1月6日、午後8時45分。ホテルに近い、「ヒマラヤンカフェ」という洒落た喫茶店で僕等はこの度最後の晩餐を楽しんでいた。その時僕は一枚のハガキを書いた。自分宛のハガキ。おそらくそのハガキは1週間をかけて僕の元に届くはずである。1週間後の自分に、この地での想いを書き記すためにハガキを書いた。ネパールを出国する3時間前のことだ。

『初めて訪れたときの不安と人の温もり、
感動的なネパールの自然・大地、
子ども達の笑顔、生きる力…。
この地にどれだけの想いがあるのか?
大地の恵にどれだけ触れることができたのだろうか?
自分で切り開き、導かれたチャンスをどれだけ生かしてこれたのだろう。
今を生きるためのチャンスを切り開き、そして導かれるための人間。
自分はそんな人間になれているだろうか?
このネパールの地でどれだけの事を学んでこれたのだろうか…』

今回の渡航を振り返り、これまで係わってきたネパールという国から得た自分自身の「学びのチャンス」「生きるための恩恵」を自分なりに表現し自分へと宛てた。
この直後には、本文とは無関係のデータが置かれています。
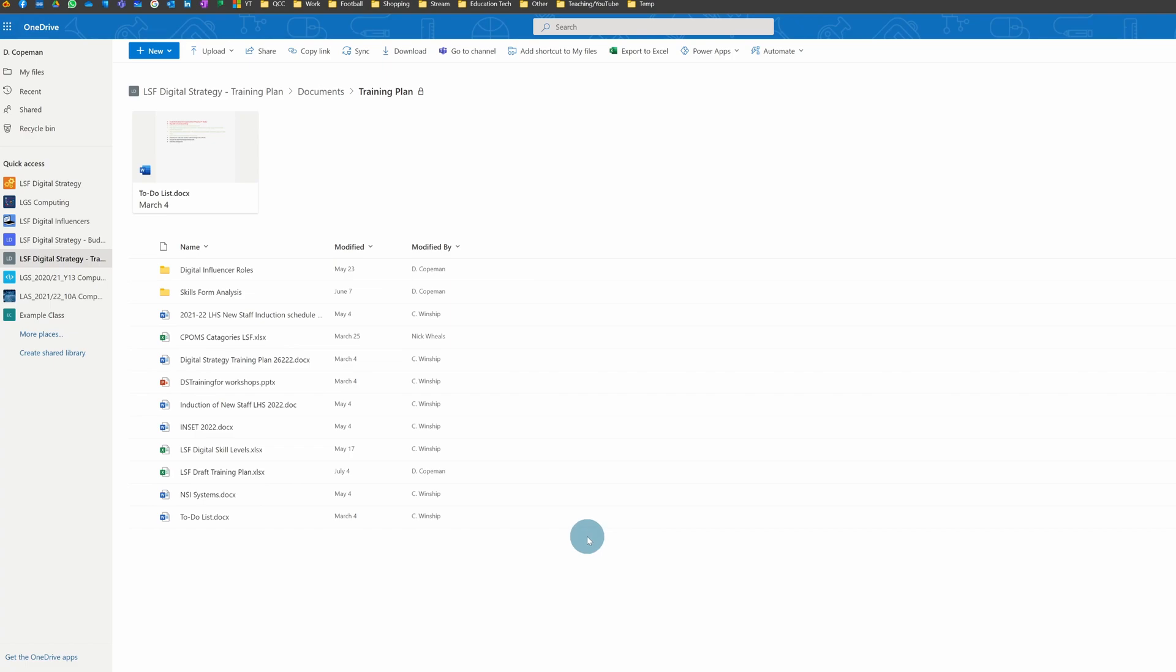What it does is it saves versions of files from when they were very first created as different people edit them. It can be really useful, especially as you move into the more modern way of working with files.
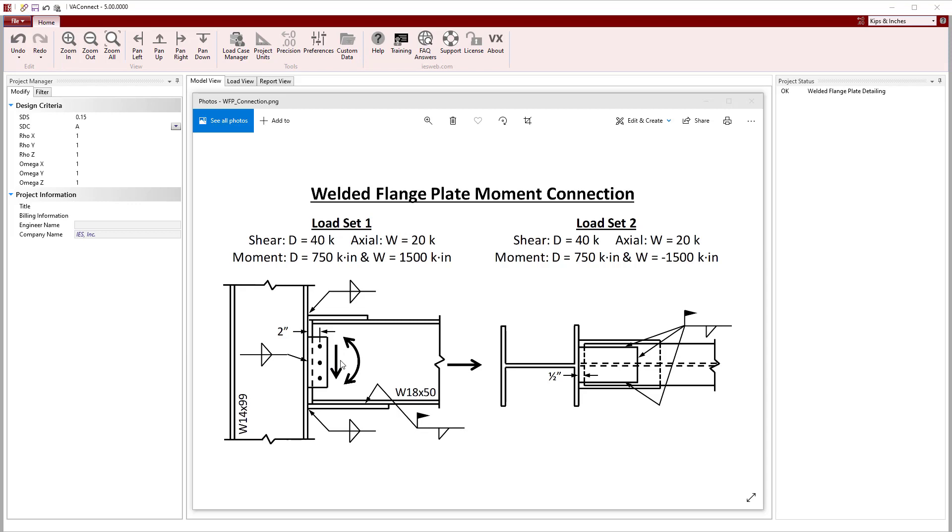Therefore, the shear tab is designed to resist the shear directly without any eccentricity. To avoid overhead welds in the field, the top plate will have less width than the flange, while the bottom plate will be wider than the flange. Also, the bottom plate will only be welded along two edges.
そもそも僕はなぜこの国に三度も足を運んだのだろうか、改めて考えていた。最初にこの地を訪れたのは大学3年の終わり、僕は福祉系の大学に通っていた。大学の勉強では戦前、戦後の福祉施策や国民の生活状況などが持ち出され、現行の福祉施策や課題と照らし合わせることが多かった。しかし、僕はその頃を知らないし、講義を進めている教授達にせよ、それは文献の中での出来事だろう。日本と同様か、それ以上の先進国から影響を受け、創りあげていったような、僕はそんな社会に生かされているものだと思った。遠く6000Hの同じアジアという地域にそれを垣間見させる場所があった。

ネパールでの日々は何か懐かしく、昔から住んでいる田舎の様な所。僕がネパールへ最初に訪れたときの印象である。北海道の南にあるとある田舎の農家で育った僕にとっては、牛が畑を耕し、畑で摂った野菜をそのまま食卓へ並べることは懐かしく感じたのだ。それから4年経った今もその印象は変わらない。この地ではゆっくりとした時間が流れているようだ。この地で過ごした1週間はとても短いが、独特の時間の流れが長居したかのように思わせる。そんな時間の流れに身を置き、朝日と共に起き、暗くなったら寝る生活をしていると、日本での忙しい日々とは違い、それまで考えなかった事を考え出す。自分という人間、持っていた夢、これからの自分、そして豊かさのものさしとは何なのか。関西空港へと飛び立つ飛行機の中、日本もネパールも同じ現実の中に存在していて、同じ時間を過ごしている「ギャップ」をいつも考えている。荷物が軽くなった分、頭の中はいっぱい。ネパールは僕にいろんな事を考えさせてくれる。